We moved back here to this town in time for me to start fourth grade. It is the house that mom still lives in today. What I remember from the early years is that the house had been built in the first quarter of the century by a local craftsman who used no milled lumber. Every piece of the frame was hand adzed to size and shape and no two were the same. So when we remodeled it was an interesting type of do-it-your-self project. It was also full of mysterious things like a family bible from the old country in German, etc. Fortunately the next door neighbor knew a bit about the history and the family who had lived there.

Then I went away to college and lived in a dorm and then a frat house. On the way from college to graduate school, L and I got married and arrived in California to find no housing available for us due to a snafu. We eventually found an apartment in a complex after spending some time on a fellow grad students spare bunk bed set. The complex stands out for being painted in brown, brown, and more brown as was typical in California at the time. After a couple of years we rented a nice little duplex that had a private patio and a fireplace. It sat less than half a block from the green belt through the town and was a gorgeous place.

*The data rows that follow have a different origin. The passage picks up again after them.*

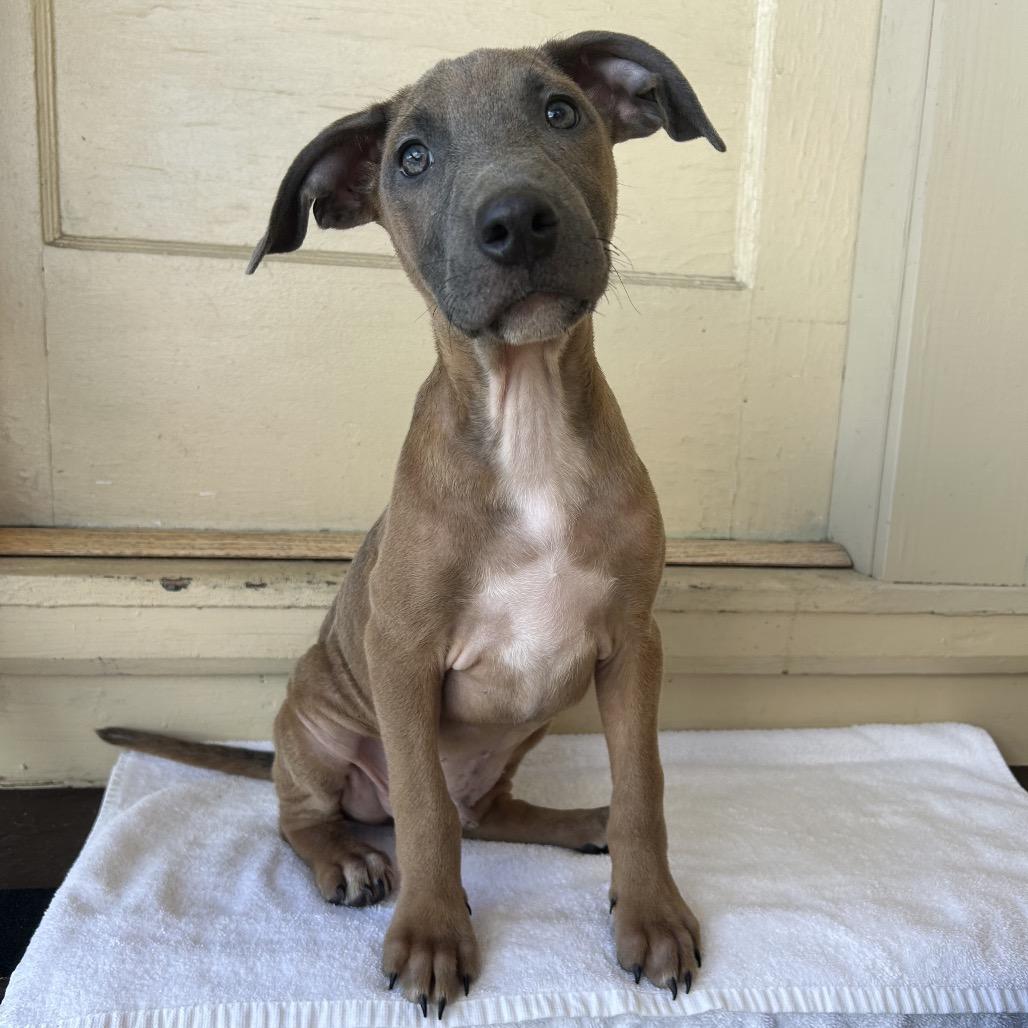 Gizmo, a Adoptable Mixed Breed in Volcano, HI image 3/6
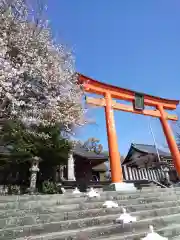 藤島神社（贈正一位新田義貞公之大宮）の鳥居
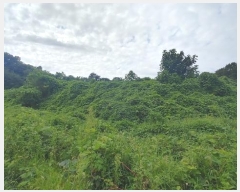  2023Ÿ��4515 �泲 ��õ�� �ൿ�� ���긮 ��6      ����(�Ӿ�)���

After graduate school, we moved to the suburbs of Chicago and a ground floor apartment in Naperville. It was all white and had shag carpeting. We lived there for three years and experienced some real firsts there. The first time we had a car stolen, the first time with -50F temperatures causing ice to form on the inside walls even with the heat on, and the first time living near an abusive couple. Needless to say, we were ready to move on from the Chicago area.

Then it was off to Manhattan Beach, CA. We rented a house for the first year and it was a typical beach community bungalow, with a full size swimming pool in the back yard. It had roses in the front yard and a huge hedge along one side of the lot. It also had termites.

The next year, L and I bought our first place - a unit in a triplex in Redondo Beach - just up the road a ways. Our unit was gray stucco and 3 stories tall with an underground garage. It was during our years there that we found out we were going to have the Son.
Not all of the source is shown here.